The investigation into what the DEA New called a “family-run methamphetamine operation” culminated in a pre-dawn raid by federal agents and New Rochelle police at the Supermercado Mexico grocery store located at 100 Union Avenue in New Rochelle in a pre-dawn raid on October 11, 2018.
Seven of the defendants were charged in the White Plains federal court in the Southern District of New York with conspiracy to distribute five kilograms and more of cocaine and 50 grams and more of methamphetamine in and around New Rochelle, New York, since at least April 2018.
An additional three defendants, among them Rafael Lopez-Macias, a.k.a. “Raffa” and “Martin Sanchez,” were charged in New Haven federal court in the District of Connecticut with narcotics offenses, including conspiracy to distribute 500 grams and more of cocaine, according to a Federal Grand Jury Indictment filed the day before the Supermercado raid, on October 10, 2018.
The defendants charged in New Haven federal court each face a maximum sentence of 40 years in prison, and a mandatory minimum term of five years in prison.
By the time of the Supermercado raid Lopez-Macias had been in Federal custody for months. From March 2018 until June 2018, Lopez-Macias and the other two defendants engaged in drug trafficking.
On June 26, 2018, Lopez-Macias was stopped by law enforcement and arrested for an immigration violations as he began driving back to Norwalk from New Rochelle where he picked up a kilogram of methamphetamine from a co-conspirator. Officers searched the vehicle then seized the kilogram of methamphetamine and the vehicle, a Volkswagen Jetta. The New York Southern District indictment includes forfeiture of 100-102 Union Avenue and 57 Walnut Avenue.
Lopez-Macias has been detained since his arrest and faces deportation back to Mexico upon completion of his sentence in the United States.
According to court documents and statements made in court, in June 1998, Lopez-Macias was convicted in California state court of a cocaine trafficking offense. In February 2001, he was deported to Mexico. Lopez-Macias illegally reentered the U.S. and, in March 2009, was arrested in Connecticut for a forgery offense. In November 2009, he was again deported to Mexico.
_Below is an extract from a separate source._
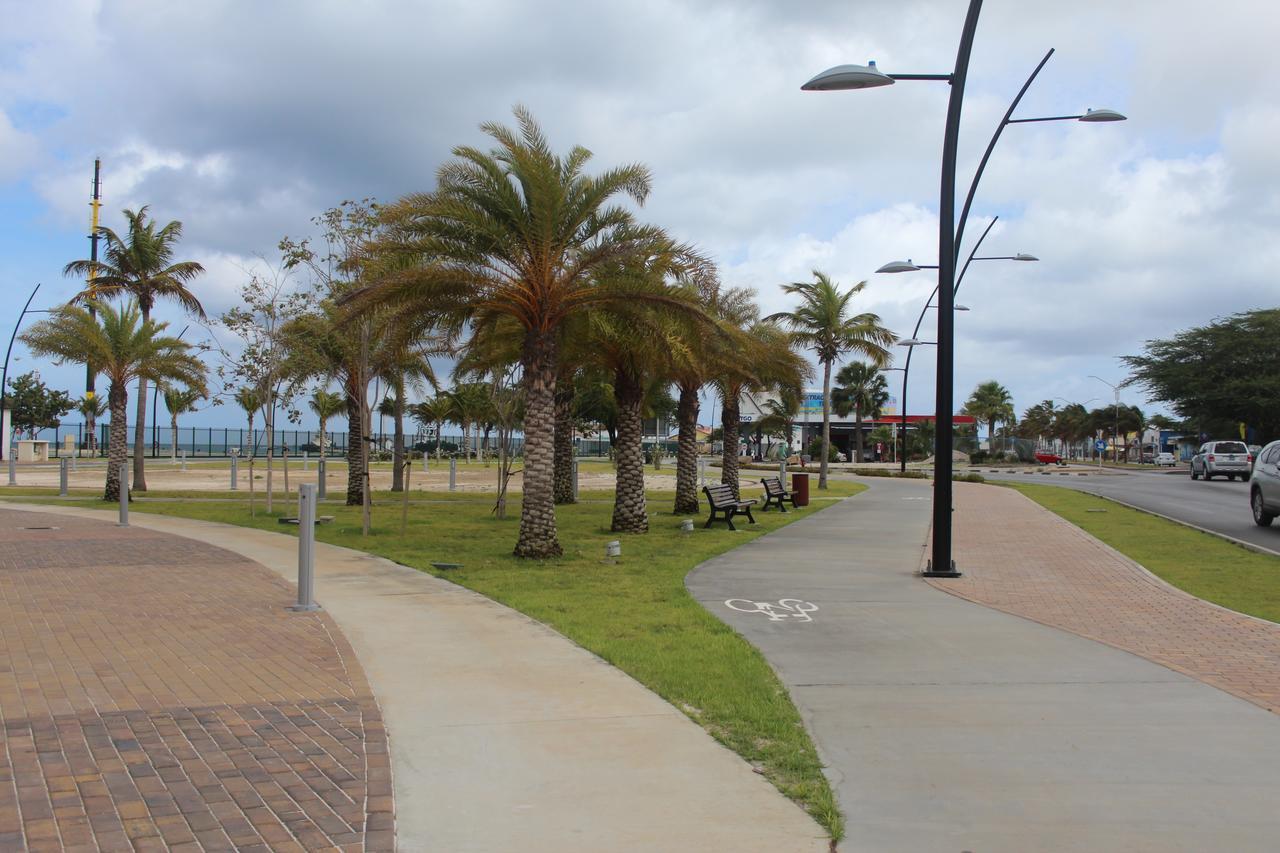 Bay Harbor *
Lopez-Macias again illegally reentered the U.S. and, between March and June 2018, he was intercepted on a court-authorized wiretap discussing the distribution of cocaine and methamphetamine. On June 11, 2018, in New Rochelle, New York, Lopez-Macias and a co-conspirator sold a kilogram of cocaine and a sample of methamphetamine for $31,500 to an individual working with law enforcement.